Illustrative Hypotheses
ANT is a qualitative approach which develops grounded theory and is in tension with the behavioral approach of constructing hypotheses a priori. Nonetheless, in studying any given phenomenon, ANT might lead to certain predictions.
- In accounting for outcomes, both material and human factors will play significant causal roles.
- The development of networks will be describable in terms of Callon's "four moments of translation" described above.
- Network persistence is a function of role repetition by actants.
- Primary actors tend to create and perpetuate obligatory passage points for channeling network communication, such that channels pass through their domain.
Bibliography
- Callon, Michel (1986a). Some elements of a sociology of translation: Domestication of the scallops and the fishermen of St Brieuc Bay." In John Law, ed. (1986). Power, action and belief: A new sociology of knowledge.
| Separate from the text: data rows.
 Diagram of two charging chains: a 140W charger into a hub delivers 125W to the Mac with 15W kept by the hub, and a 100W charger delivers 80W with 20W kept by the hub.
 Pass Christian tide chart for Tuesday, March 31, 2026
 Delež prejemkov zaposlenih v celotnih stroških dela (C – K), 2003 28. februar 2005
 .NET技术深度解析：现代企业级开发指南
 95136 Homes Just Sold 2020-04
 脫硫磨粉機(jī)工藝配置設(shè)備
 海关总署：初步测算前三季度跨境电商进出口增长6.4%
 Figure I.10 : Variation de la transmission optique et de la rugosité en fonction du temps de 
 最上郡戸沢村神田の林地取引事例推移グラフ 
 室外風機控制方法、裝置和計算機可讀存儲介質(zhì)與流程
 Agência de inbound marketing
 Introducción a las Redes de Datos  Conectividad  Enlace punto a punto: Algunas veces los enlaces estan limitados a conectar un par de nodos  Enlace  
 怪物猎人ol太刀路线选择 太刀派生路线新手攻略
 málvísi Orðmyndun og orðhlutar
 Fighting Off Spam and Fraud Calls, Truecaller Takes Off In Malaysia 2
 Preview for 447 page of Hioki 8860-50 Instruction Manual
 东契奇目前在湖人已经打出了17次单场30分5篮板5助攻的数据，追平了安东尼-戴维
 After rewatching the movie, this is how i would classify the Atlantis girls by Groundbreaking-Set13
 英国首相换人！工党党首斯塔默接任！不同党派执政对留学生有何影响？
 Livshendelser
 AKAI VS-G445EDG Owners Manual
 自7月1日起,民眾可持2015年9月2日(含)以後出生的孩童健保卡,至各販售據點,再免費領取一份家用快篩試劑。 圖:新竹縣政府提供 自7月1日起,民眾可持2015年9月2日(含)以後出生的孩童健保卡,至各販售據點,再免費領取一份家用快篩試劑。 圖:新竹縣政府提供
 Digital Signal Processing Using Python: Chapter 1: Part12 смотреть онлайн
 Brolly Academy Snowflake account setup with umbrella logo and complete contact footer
London: Routledge & Kegan Paul.
- Callon, Michel (1986b). The sociology of an actor-network: The case of the electric vehicle. In M. Callon, J. Law, & A. Rip. Houndmills, eds. Mapping the dynamics of science and technology: Sociology of science in the real world. London: Macmillan.
- Latour, Bruno (1987). Science in action: How to follow scientists and engineers through society. Milton Keynes: Open University Press.
- Latour, Bruno (1988). The Pasteurization of France. Cambridge, MA: Harvard University Press.
- Latour, Bruno (1992). One turn after the social turn ... . Pp. 272-294 in E. McMullin, ed. The social dimensions of science. Notre Dame, IN: University of Note Dame Press.
- Latour, Bruno (1999). On recalling ANT. In J. Law & J. Hassard, eds. Actor network theory and after. Malden, MA: Blackwell.
- Latour, Bruno (2005). Reassembling the social: An introduction to actor-network theory. NYand Oxford: Oxford University Press.
- Law, John (1987). Technology and heterogeneous engineering: The case of Portuguese expansion. In W.E. Bijker, T.P. Hughes, and T.J. Pinch, eds. The social construction of technological systems: New directions in the sociology and history of technology. Cambridge, MA: MIT Press.
- Law, John (1992). Notes on the theory of actor-network: Ordering, strategy and heterogeneity. Systems Practice 5: 379–93.
- Law, John & John Hassard, eds. (1999). Actor network theory and after. Oxford: Blackwell Pub.
- Sarker, S., & Sidorova, A. (2006). Actor-networks and business process change failure: An interpretive case study. Journal of Management Information Systems 23(1), 51-86.
- Walsham, G. (1997). Actor-network theory and IS research: Current status and future prospects. Pp. 466-480 in A. S. Lee, J. Liebenau, & J. I. DeGross, eds. (1997). Information systems and qualitative research. London: Chapman and Hall.